The Tippy Tap requires only a jerry can, rope, wooden sticks and a limited amount of water. Such a system resonated well with the community living in CHT because it is an efficient and low-cost way of saving water and maintaining hygienic practices in these hilly and remote areas where water supply is scarce.
“The video demonstration led to the installation of Tippy Tap units in many community centres (para kendro) managed by the CHT Development Board to raise awareness of handwashing practices. It also encouraged villagers to install units in their homes,” says Rani Yan Yan. “Proper hand hygiene and sanitation is one of the most important measures to stop the spread of COVID-19. I think such a practice is an ideal solution for the people living in hilly terrains and remote areas who do not have access to running water.”
Rani Yan Yan similarly assisted in producing video documentaries in indigenous and Bangla languages about hygiene practices and physical distancing protocols.
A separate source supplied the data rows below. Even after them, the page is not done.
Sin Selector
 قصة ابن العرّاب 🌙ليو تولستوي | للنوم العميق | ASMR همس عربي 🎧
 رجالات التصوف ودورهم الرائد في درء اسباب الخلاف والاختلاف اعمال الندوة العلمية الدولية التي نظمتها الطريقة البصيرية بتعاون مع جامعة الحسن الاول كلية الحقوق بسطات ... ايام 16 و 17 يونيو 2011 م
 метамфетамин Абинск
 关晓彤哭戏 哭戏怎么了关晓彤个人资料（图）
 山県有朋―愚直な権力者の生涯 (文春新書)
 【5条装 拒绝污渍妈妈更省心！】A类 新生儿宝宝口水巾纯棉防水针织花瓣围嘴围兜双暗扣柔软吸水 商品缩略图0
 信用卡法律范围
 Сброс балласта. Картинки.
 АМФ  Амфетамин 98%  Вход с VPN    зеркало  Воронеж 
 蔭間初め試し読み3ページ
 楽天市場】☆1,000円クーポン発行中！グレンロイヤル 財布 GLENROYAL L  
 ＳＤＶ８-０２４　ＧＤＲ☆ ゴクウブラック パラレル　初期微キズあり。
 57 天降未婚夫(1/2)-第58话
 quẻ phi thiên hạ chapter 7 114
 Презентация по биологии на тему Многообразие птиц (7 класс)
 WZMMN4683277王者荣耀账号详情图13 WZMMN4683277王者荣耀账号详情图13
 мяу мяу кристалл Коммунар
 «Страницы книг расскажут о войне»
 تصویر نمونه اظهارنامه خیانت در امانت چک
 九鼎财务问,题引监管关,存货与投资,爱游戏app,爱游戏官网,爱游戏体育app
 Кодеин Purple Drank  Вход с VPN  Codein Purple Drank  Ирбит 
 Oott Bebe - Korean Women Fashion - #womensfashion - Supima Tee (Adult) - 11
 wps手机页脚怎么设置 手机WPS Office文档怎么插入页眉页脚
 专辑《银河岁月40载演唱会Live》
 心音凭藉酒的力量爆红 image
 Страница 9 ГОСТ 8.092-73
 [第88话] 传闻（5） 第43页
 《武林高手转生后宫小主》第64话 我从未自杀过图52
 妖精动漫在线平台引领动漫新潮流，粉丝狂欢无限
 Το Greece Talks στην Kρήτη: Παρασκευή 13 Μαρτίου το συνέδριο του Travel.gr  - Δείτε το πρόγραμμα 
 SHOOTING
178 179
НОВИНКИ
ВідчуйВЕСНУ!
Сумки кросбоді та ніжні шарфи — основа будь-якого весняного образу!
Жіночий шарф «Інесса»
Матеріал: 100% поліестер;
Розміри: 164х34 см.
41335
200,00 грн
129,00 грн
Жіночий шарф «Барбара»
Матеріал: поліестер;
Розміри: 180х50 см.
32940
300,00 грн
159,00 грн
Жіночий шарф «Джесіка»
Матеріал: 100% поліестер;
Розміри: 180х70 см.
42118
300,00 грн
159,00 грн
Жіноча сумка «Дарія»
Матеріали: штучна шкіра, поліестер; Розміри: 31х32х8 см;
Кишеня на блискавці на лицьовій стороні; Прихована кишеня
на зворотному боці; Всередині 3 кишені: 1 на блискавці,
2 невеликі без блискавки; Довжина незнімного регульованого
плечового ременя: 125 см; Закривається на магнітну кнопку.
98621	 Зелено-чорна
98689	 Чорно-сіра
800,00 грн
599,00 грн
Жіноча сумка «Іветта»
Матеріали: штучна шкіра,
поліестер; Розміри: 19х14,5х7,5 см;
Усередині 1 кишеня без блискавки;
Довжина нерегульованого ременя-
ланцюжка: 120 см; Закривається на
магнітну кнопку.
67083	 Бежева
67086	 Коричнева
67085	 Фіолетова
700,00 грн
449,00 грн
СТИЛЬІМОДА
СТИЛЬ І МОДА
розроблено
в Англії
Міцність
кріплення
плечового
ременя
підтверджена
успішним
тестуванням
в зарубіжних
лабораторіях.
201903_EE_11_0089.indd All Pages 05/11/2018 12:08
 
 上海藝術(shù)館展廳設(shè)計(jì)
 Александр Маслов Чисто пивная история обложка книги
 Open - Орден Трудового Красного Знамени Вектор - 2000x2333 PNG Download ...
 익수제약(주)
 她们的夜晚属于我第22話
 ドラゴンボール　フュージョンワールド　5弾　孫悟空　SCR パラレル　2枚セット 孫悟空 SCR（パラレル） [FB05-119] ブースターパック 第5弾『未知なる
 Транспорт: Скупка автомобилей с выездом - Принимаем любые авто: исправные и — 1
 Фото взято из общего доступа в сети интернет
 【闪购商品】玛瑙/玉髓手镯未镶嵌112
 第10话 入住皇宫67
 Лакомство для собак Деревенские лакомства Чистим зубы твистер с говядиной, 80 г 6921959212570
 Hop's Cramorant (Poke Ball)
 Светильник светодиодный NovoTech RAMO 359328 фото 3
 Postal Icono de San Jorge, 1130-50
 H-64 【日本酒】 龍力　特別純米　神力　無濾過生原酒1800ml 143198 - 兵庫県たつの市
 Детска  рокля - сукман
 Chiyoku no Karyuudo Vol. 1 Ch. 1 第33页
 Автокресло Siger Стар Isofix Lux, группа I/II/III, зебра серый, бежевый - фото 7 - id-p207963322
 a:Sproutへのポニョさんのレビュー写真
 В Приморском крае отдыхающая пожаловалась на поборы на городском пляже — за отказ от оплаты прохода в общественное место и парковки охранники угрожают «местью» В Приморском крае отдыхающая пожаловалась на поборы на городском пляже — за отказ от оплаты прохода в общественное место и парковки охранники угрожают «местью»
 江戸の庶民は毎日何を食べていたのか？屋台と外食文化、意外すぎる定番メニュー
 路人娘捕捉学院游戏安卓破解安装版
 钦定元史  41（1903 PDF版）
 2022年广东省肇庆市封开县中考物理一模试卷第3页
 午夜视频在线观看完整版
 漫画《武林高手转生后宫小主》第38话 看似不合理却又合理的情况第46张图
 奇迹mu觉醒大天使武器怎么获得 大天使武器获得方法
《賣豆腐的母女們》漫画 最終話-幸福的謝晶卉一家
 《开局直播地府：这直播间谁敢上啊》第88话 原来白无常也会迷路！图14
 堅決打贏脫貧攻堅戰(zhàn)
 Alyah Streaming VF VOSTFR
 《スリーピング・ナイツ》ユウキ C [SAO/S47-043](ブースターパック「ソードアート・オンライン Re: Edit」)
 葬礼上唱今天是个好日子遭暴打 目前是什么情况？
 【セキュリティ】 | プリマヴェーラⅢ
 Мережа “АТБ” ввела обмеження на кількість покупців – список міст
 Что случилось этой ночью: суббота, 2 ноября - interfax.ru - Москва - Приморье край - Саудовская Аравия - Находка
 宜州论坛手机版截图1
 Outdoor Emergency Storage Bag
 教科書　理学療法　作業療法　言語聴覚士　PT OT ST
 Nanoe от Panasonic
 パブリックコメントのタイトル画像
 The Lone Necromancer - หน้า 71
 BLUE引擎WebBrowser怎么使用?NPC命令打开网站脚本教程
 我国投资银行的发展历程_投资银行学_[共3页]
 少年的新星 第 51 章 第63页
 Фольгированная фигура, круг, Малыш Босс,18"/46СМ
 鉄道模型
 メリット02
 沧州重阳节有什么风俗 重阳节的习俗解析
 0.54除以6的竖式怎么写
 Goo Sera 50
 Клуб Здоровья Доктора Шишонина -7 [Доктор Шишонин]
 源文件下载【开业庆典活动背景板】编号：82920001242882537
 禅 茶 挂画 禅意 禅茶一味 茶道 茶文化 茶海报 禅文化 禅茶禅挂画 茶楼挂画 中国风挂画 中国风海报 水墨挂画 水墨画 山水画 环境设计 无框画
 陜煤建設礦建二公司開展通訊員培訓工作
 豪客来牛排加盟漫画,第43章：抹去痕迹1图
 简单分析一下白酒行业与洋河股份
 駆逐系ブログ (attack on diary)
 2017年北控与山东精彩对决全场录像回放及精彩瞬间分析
To address the issue of food security, she also collaborated with the world’s largest non-government organisation, BRAC (which is based in Bangladesh), to mobilise emergency relief support to 5000 families living in remote villages. For this initiative, she worked with several youth organisations and mobilised them to assist in the implementation of activities, such as developing lists of families in need of assistance and distributing relief packs to these recipients.
“As I worked closely with marginalised people, their hardship and struggles taught me to become a fully sentient human being. As a responsible citizen, I consider it my obligation to work for people in need in any circumstance,” she says.
During the pandemic, Rani Yan Yan has used virtual platforms to connect with friends, colleagues and activists working on similar advocacy initiatives. To encourage positivity during these uncertain times, she promotes stories about collective strength and the resilience of her community. To motivate people to overcome the crises resulting from COVID-19, she shares stories of various initiatives undertaken by civil society and youth groups. She has also actively engaged and mentored such youth groups in relief efforts so that they can be mobilised to build a strong community spirit.
Her Australia Awards experience steered her career path and significantly altered her attitude towards life. The learning experience in South Australia has developed her analytical and research skills and boosted her confidence to venture outside of her comfort zone. Her knowledge of a multicultural society, where diversity is celebrated, has inspired her vision for an equitable society in Bangladesh.
“My education and working experiences have culminated in me choosing an extremely challenging, but fulfilling, life path,” Rani Yan Yan says. “Activism is not a career path, it is a way of life.”